[Tile-serving] [openstreetmap/osm2pgsql] Making indexes more flexible (Issue #1780)
Jochen Topf
notifications at github.com
Wed Sep 28 15:17:47 UTC 2022
*All of the following concerns only the flex output. We are not planning to change any of the other outputs.*
One of the most asked for features is to have more functionality around indexes:
* #27
* #37
* #1311
* #1357
* #1691
## Current situation
Osm2pgsql will always create indexes on the id columns of all tables if the database is created for update (with `--slim` and without `--drop`). These indexes are needed for osm2pgsql itself, so it can do updates properly.
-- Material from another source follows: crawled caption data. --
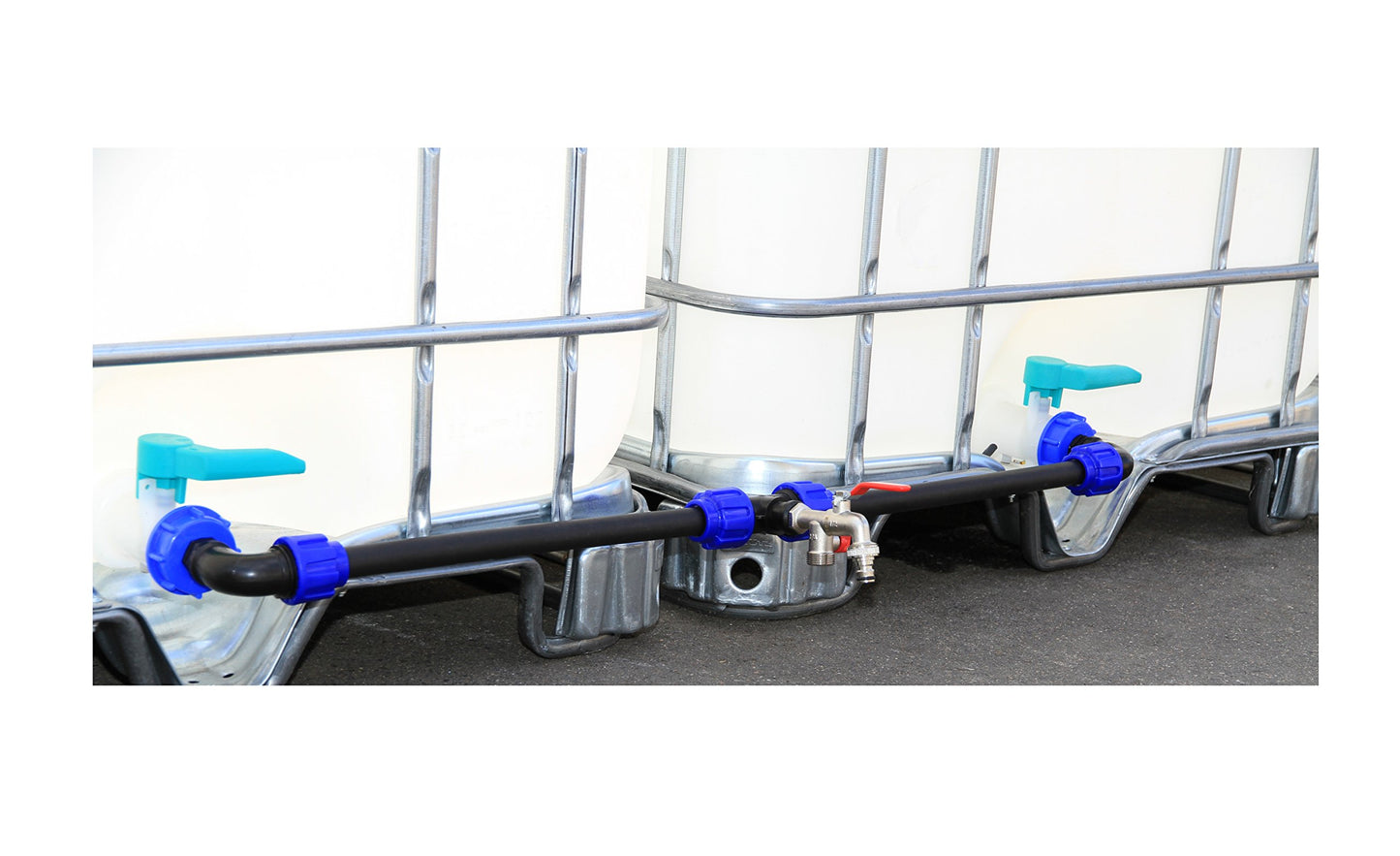 VOXTRADE Connection set for IBC tanks, 3-port ball valve, polyethylene (PE), brass, steel, blue, CE, EN 1074-1, 3/4" thread, 1/2" PE outlet, max. 10 bar, Gardena-like connection.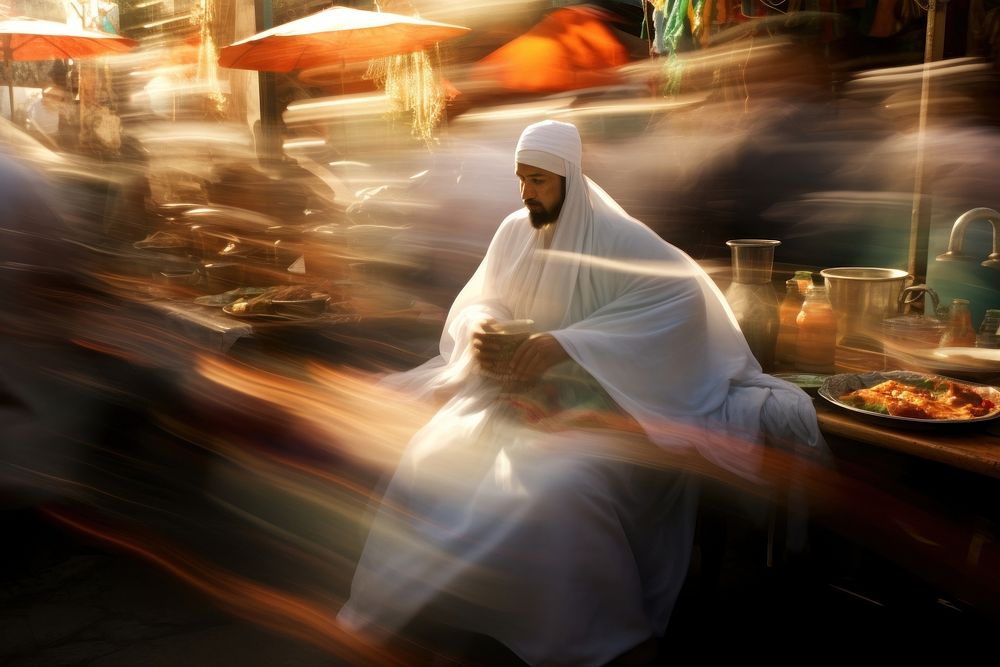 Motion blur photography of a ramadan motion adult city.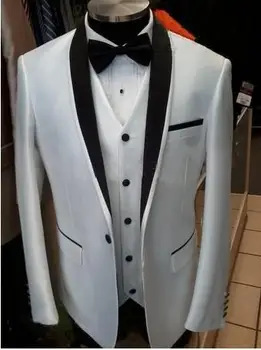 Individualizuotos Dizainas Pusėje Ritininės Juoda Satino Atvartas Vieną Mygtuką, Balta Jaunikis Tuxedos Groomsman Geriausią vyro Kostiumai ( švarkas+Kelnės+liemenė+kaklaraištis)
This will not change.
In addition osm2pgsql always creates a GIST index on the geometry column of each table. If a table doesn't have a geometry column, no index is created. If it has several, only the first will get the index.
Indexes are created in parallel (up to the number set with `--number-processes`), unless `--disable-parallel-indexing` is set.
## Features we want
* Allow tables without any indexes
* Allow indexes on any column (of any column type)
* Allow indexes on several columns at once
* Allow indexes on expressions
* Allow any type of index (btree, gist, ...)
* Allow setting of WHERE conditions
* Allow setting of TABLESPACE
* Allow setting of other options like UNIQUE etc.
See also the [PostgreSQL docs for indexes](https://www.postgresql.org/docs/current/sql-createindex.html).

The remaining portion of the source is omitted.